Top of SOURCE DATA

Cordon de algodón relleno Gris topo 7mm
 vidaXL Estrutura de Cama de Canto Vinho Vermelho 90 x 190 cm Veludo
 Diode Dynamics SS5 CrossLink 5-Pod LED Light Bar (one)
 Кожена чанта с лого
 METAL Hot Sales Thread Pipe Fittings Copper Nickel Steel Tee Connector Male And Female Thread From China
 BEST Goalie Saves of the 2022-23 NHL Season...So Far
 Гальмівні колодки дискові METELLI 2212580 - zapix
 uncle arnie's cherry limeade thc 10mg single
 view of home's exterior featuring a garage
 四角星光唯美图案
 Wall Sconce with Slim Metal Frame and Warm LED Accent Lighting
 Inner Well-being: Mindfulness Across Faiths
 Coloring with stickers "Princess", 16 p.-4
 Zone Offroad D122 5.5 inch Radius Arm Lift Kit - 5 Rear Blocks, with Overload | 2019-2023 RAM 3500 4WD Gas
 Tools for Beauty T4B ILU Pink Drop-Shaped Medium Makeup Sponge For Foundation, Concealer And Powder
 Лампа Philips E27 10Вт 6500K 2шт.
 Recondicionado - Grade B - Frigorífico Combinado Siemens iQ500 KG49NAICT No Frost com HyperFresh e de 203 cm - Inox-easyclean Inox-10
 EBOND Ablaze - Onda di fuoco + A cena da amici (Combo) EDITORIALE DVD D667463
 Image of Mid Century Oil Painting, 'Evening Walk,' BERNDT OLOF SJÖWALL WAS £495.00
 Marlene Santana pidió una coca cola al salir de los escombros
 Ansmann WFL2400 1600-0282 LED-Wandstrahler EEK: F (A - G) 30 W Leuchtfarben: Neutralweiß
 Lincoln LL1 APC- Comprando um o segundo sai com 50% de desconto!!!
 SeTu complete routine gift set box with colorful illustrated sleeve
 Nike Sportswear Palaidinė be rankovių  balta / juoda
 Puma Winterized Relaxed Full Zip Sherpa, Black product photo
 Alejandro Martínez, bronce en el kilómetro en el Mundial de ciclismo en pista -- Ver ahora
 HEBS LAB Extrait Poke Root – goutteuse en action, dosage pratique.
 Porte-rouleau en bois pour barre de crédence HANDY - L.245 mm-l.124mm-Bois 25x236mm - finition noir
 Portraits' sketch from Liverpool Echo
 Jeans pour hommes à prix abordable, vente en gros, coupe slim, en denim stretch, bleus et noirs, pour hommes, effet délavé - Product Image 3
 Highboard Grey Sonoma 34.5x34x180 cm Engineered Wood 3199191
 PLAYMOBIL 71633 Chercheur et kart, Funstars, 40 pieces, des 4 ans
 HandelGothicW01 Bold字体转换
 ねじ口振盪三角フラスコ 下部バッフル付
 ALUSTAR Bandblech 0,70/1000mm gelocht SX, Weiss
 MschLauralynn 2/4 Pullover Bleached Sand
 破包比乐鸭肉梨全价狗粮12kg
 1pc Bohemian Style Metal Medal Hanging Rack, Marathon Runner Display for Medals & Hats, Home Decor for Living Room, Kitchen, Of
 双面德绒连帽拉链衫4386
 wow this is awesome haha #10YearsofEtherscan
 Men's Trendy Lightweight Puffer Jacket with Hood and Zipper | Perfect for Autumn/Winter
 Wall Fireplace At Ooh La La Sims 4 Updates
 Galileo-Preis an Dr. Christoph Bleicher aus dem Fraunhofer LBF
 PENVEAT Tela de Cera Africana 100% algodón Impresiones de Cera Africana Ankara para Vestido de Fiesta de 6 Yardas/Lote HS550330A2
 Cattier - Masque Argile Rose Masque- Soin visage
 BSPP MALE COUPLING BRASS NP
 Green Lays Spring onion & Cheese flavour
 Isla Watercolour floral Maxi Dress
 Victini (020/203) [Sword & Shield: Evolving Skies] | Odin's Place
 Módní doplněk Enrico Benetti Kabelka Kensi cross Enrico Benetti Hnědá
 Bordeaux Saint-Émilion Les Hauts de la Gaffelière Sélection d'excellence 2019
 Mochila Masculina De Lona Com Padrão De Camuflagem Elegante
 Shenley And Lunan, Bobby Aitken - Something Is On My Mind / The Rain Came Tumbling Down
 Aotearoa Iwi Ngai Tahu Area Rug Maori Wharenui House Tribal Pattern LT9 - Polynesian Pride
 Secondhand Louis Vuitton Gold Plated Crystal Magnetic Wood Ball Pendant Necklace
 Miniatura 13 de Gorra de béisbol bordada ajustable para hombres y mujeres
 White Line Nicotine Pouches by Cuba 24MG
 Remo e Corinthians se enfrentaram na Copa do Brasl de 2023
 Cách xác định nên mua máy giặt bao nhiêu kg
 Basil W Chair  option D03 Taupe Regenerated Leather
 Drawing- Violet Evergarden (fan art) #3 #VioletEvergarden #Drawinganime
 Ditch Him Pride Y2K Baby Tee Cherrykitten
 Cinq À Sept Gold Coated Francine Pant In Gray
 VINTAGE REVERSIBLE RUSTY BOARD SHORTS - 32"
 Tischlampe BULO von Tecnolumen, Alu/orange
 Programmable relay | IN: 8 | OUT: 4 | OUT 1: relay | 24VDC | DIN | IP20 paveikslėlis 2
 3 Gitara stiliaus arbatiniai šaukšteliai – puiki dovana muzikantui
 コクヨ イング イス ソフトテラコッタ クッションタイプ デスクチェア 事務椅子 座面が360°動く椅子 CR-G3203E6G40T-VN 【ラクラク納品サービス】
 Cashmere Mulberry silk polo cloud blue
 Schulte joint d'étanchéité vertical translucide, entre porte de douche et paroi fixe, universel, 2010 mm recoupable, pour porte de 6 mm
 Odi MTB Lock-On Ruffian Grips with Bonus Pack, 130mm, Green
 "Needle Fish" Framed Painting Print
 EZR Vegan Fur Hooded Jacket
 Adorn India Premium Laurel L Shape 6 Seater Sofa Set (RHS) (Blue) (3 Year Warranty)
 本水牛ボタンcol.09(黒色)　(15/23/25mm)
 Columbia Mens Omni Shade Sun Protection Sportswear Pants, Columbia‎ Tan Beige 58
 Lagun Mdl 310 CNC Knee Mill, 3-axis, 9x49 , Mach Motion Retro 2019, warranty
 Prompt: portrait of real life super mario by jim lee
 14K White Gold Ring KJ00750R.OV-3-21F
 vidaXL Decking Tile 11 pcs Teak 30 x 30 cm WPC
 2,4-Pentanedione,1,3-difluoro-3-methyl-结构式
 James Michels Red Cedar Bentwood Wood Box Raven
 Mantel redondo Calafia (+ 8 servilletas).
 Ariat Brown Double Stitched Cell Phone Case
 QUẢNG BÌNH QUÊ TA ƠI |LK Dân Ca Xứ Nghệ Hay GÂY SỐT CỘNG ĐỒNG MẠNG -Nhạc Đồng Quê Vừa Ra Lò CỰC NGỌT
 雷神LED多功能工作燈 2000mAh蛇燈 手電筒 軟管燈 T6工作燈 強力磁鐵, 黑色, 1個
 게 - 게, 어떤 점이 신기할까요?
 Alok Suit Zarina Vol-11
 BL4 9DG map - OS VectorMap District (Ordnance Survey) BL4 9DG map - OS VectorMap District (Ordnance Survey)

Bottom of SOURCE DATA

▸ GOAL OF THE EXERCISE: The lines to copy are those in the records above containing the word "with".

▸ PROBLEM SOLUTION:
 Wall Sconce with Slim Metal Frame and Warm LED Accent Lighting
 Coloring with stickers "Princess", 16 p.-4
 Zone Offroad D122 5.5 inch Radius Arm Lift Kit - 5 Rear Blocks, with Overload | 2019-2023 RAM 3500 4WD Gas
 SeTu complete routine gift set box with colorful illustrated sleeve
 Men's Trendy Lightweight Puffer Jacket with Hood and Zipper | Perfect for Autumn/Winter
 Odi MTB Lock-On Ruffian Grips with Bonus Pack, 130mm, Green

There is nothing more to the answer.